«Я, — сообщает Чехов в 1889 году Суворину, — пишу роман!! Пишу и пишу, и конца не видать моему писанью. Начал его, т. е. роман, сначала сильно исправив и сократив то, что уже было написано. Очертил уже ясно девять физиономий. Какая интрига! Назвал я его так: «Рассказы из жизни моих друзей», и пишу его в форме отдельных законченных рассказов, тесно связанных между собою общностью интриги, идей и действующих лиц. У каждого рассказа особое заглавие. Не думайте, что роман будет состоять из клочьев. Нет, он будет настоящий роман, целое тело, где каждое лицо будет органически необходимо». Трудно судить о том, что получилось бы из этого любопытного в жанровом отношении замысла Чехова. Он характеризует мастера малой и средней повествовательной формы, взявшегося за такое большое эпическое полотно, которое все же было бы только составным. Для Чехова в равной мере показательно и то, что он поставил перед собою такое жанровое задание, и то, что он его не осуществил.
Во всех этих случаях происходил, в сущности, тот же процесс разрастания жанра, который только принимал несколько более сложную форму «романа в повестях».

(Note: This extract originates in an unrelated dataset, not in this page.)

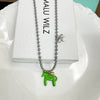 Enamel Horse Pendant Necklace - Silver-Plated Zinc Alloy Chain Choker (White, Black, Green, Blue, Pink)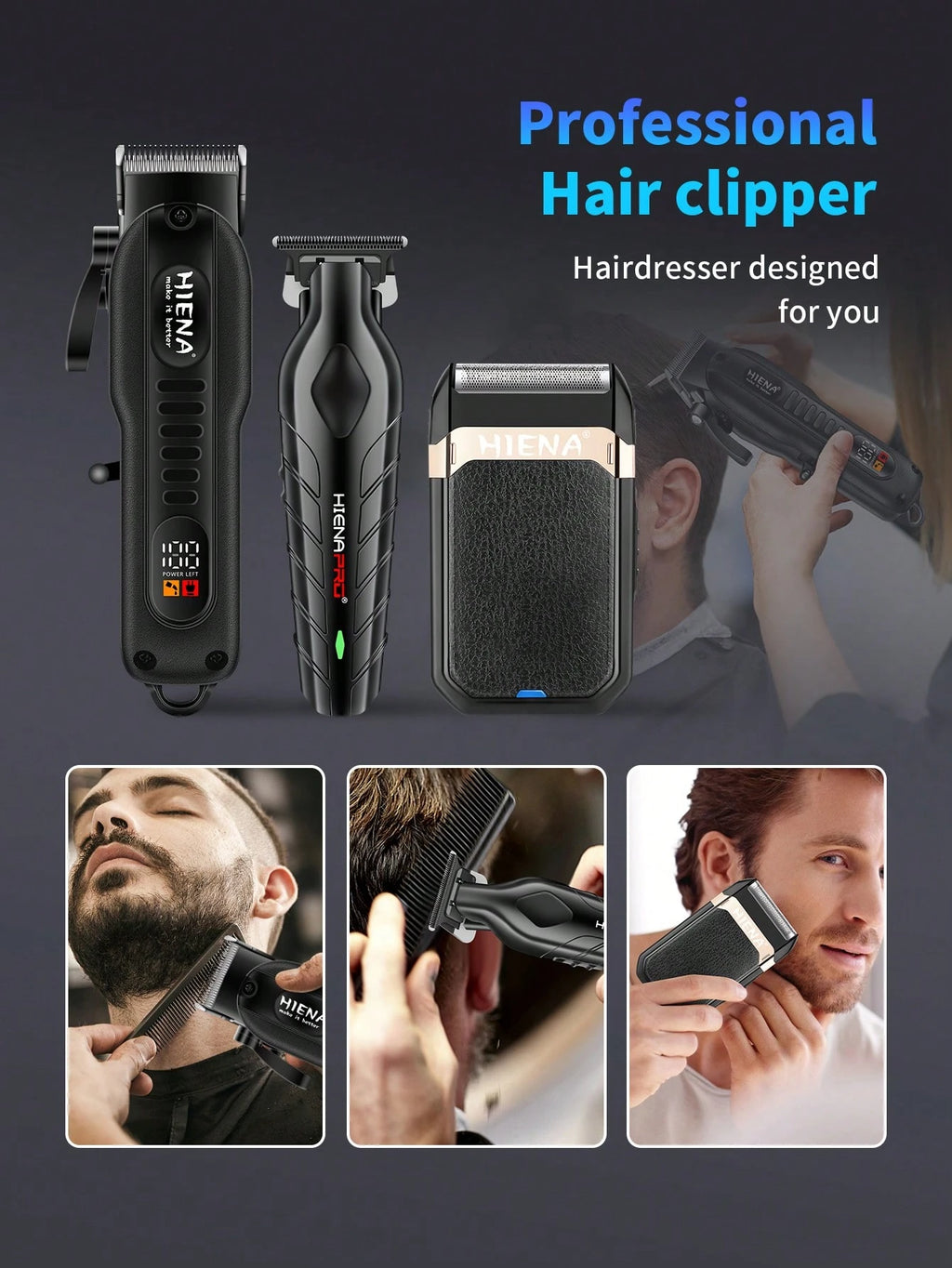 HIENA 3-In-1 Men's Hair Clipper And Electric Shaver Set USB Rechargeable Cordless Trimmer LED Display Lithium Battery Mini Body Multiple Accessories Gift Box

Прежде чем написать произведение в каком-либо определенном жанре, писатель нередко испытывает возможности различных поэтических родов, транспонируя материал в новую, более соответствующую ему, форму. Виды этого «транспонирования» жанра разнообразны. Произведению, сначала задуманному в прозе, по зрелом размышлении придается стихотворная форма. Так, переделывается первоначально написанный в прозе «Тассо» Гёте, равно как и его «Ифигения». Лишь по истечении года работы над «Валленштейном» Шиллер убедился, что пролог не может быть написан в прозаической форме, и переделал его. Переработка эта не была механическим переложением прозы в стихи.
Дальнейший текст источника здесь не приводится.